In the depths of the recession, transactions all but stopped and many developers went bust. Now things are looking up for the survivors. Figures from realtors show 47,900 homes changed hands in the first half, up 3% on the year, with foreign money, thanks to the ‘golden visa’ and non-habitual resident schemes. After years in retreat, estate agents are expanding their networks.
Rents for prime Lisbon office space in the first quarter were up on the year for the first time since 2010, and occupancy rates are better. Cushman & Wakefield projects €800m turnover in the segment this year, up from €322m. It expects developers to review shelved projects in central Lisbon. Foreign investors seen sniffing around include Global Asset Capital (which bought EDP’s headquarters) and Merlin, whose stockmarket debut means €1.5bn to invest. China’s insurance companies since the end of 2012 are allowed to put up to 20% of funds into real estate, and are potential investors, too.

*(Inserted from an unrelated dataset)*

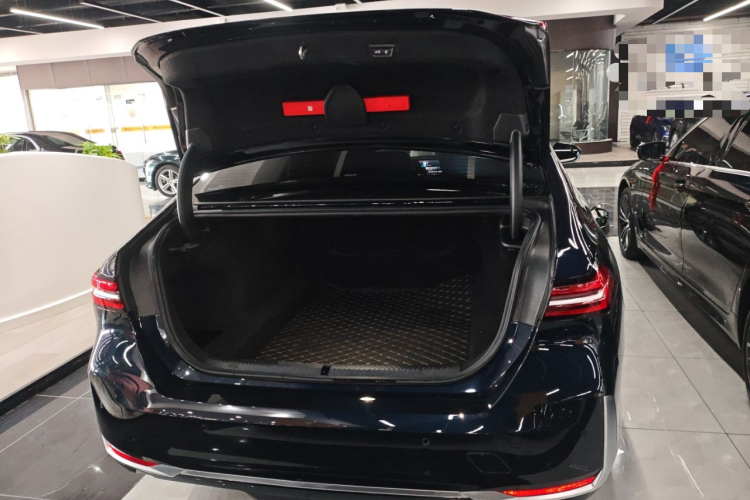 宝马5系 2024款 530Li 领先型 豪华套装机舱底盘23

“For years they invested in the US and UK; now they’re looking at Europe,” says José António de Mello manager of Lisbon fund Selecta. “A lot of liquidity is going to come here.” June saw regulatory approval of IMO ECADINT, Portugal’s first property fund with Chinese capital. It recently had its second roadshow in Shanghai for qualified investors, but China-based investment group Ecadint International already provided most of its initial €30m funding.
“We want to enter Europe but Portugal is our base,” says Ecadint’s vice president Han Lin, citing its long involvement in Angolan construction. “We know more about its culture and people.”The fund will start with office and residential opportunities in Iberia before looking elsewhere in Europe. There are factors weighing on the market. GDP expanded 0.6% in the second quarter, but retail spending has faltered. Still, evidence of a turnaround is mounting.